Open MPI logo

Open MPI User's Mailing List Archives

  |   Home   |   Support   |   FAQ   |   all Open MPI User's mailing list

From: Tim Prins (tprins_at_[hidden])
Date: 2007-08-14 12:09:51


Jody,

jody wrote:
> Hi TIm
> thanks for the suggestions.
>
> I now set both paths in .zshenv but it seems that LD_LIBRARY_PATH
> still does not get set.
> The ldd experment shows that all openmpi libraries are not found,
> and indeed the printenv shows that PATH is there but LD_LIBRARY_PATH is
> not.
Are you setting LD_LIBRARY_PATH anywhere else in your scripts?
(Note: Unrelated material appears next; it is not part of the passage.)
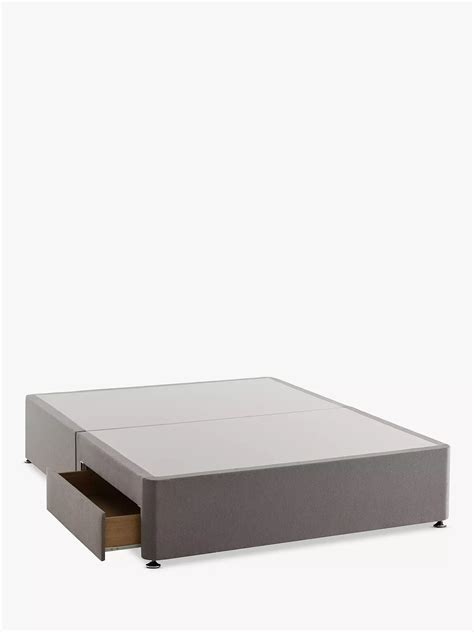 Silentnight Non Sprung 2 Drawer Divan Storage Bed, Super King Size at John Lewis & Partners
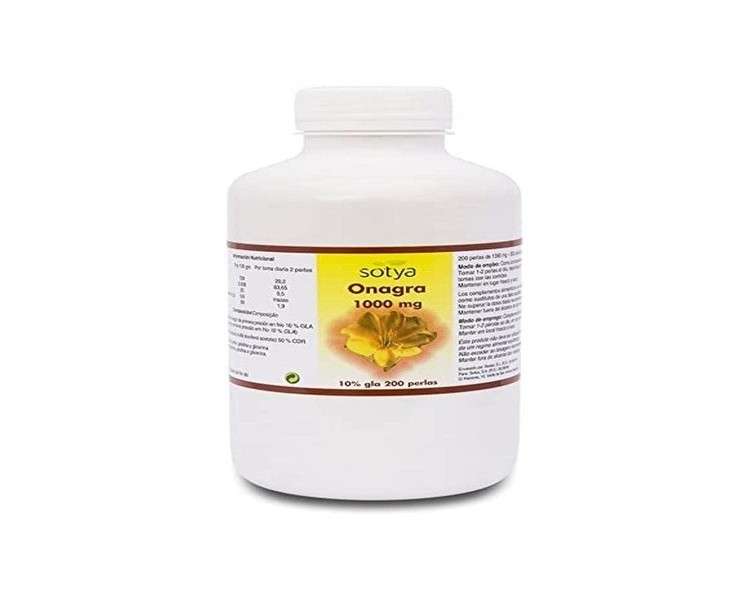 Sotya Evening Primrose 1000mg 200 Pearls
I have,
on more than one occasion, forgotten that I needed to do:
export LD_LIBRARY_PATH="/foo:$LD_LIBRARY_PATH"

Instead of just:
export LD_LIBRARY_PATH="/foo"

>
> It is rather unclear why this happens...
>
> As to thew second problem:
> $ mpirun --debug-daemons -np 2 --prefix /opt/openmpi --host nano_02
> ./MPI2Test2
> [aim-nano_02:05455] [0,0,1]-[0,0,0] mca_oob_tcp_peer_try_connect:
> connect to 130.60.49.134:40618 <http://130.60.49.134:40618> failed:
> (103)
> [aim-nano_02:05455] [0,0,1]-[0,0,0] mca_oob_tcp_peer_try_connect:
> connect to 130.60.49.134:40618 <http://130.60.49.134:40618> failed,
> connecting over all interfaces failed!
> [aim-nano_02:05455] OOB: Connection to HNP lost
> [aim-plankton.unizh.ch:24222 <http://aim-plankton.unizh.ch:24222>]
> [0,0,0] ORTE_ERROR_LOG: Timeout in file base/pls_base_orted_cmds.c at
> line 275
> [aim-plankton.unizh.ch:24222 <http://aim-plankton.unizh.ch:24222>]
> [0,0,0] ORTE_ERROR_LOG: Timeout in file pls_rsh_module.c at line 1164
> [aim-plankton.unizh.ch:24222 <http://aim-plankton.unizh.ch:24222>]
> [0,0,0] ORTE_ERROR_LOG: Timeout in file errmgr_hnp.c at line 90
> [aim-plankton.unizh.ch:24222 <http://aim-plankton.unizh.ch:24222>]
> ERROR: A daemon on node nano_02 failed to start as expected.
> [ aim-plankton.unizh.ch:24222 <http://aim-plankton.unizh.ch:24222>]
> ERROR: There may be more information available from
> [aim-plankton.unizh.ch:24222 <http://aim-plankton.unizh.ch:24222>]
> ERROR: the remote shell (see above).
> [ aim-plankton.unizh.ch:24222 <http://aim-plankton.unizh.ch:24222>]
> ERROR: The daemon exited unexpectedly with status 1.
> [aim-plankton.unizh.ch:24222 <http://aim-plankton.unizh.ch:24222>]
> [0,0,0] ORTE_ERROR_LOG: Timeout in file base/pls_base_orted_cmds.c at
> line 188
> [aim-plankton.unizh.ch:24222 <http://aim-plankton.unizh.ch:24222>]
> [0,0,0] ORTE_ERROR_LOG: Timeout in file pls_rsh_module.c at line 1196
>
> The strange thing is that nano_02's address is 130.60.49.130
> <http://130.60.49.130> and plankton's (the caller) is 130.60.49 134.
> I also made sure that nano_02 cann ssh to plankton without password, but
> that didn't change the output.

What is happening here is that the daemon launched on nano_02 is trying
to contact mpirun on plankton, and is failing for some reason.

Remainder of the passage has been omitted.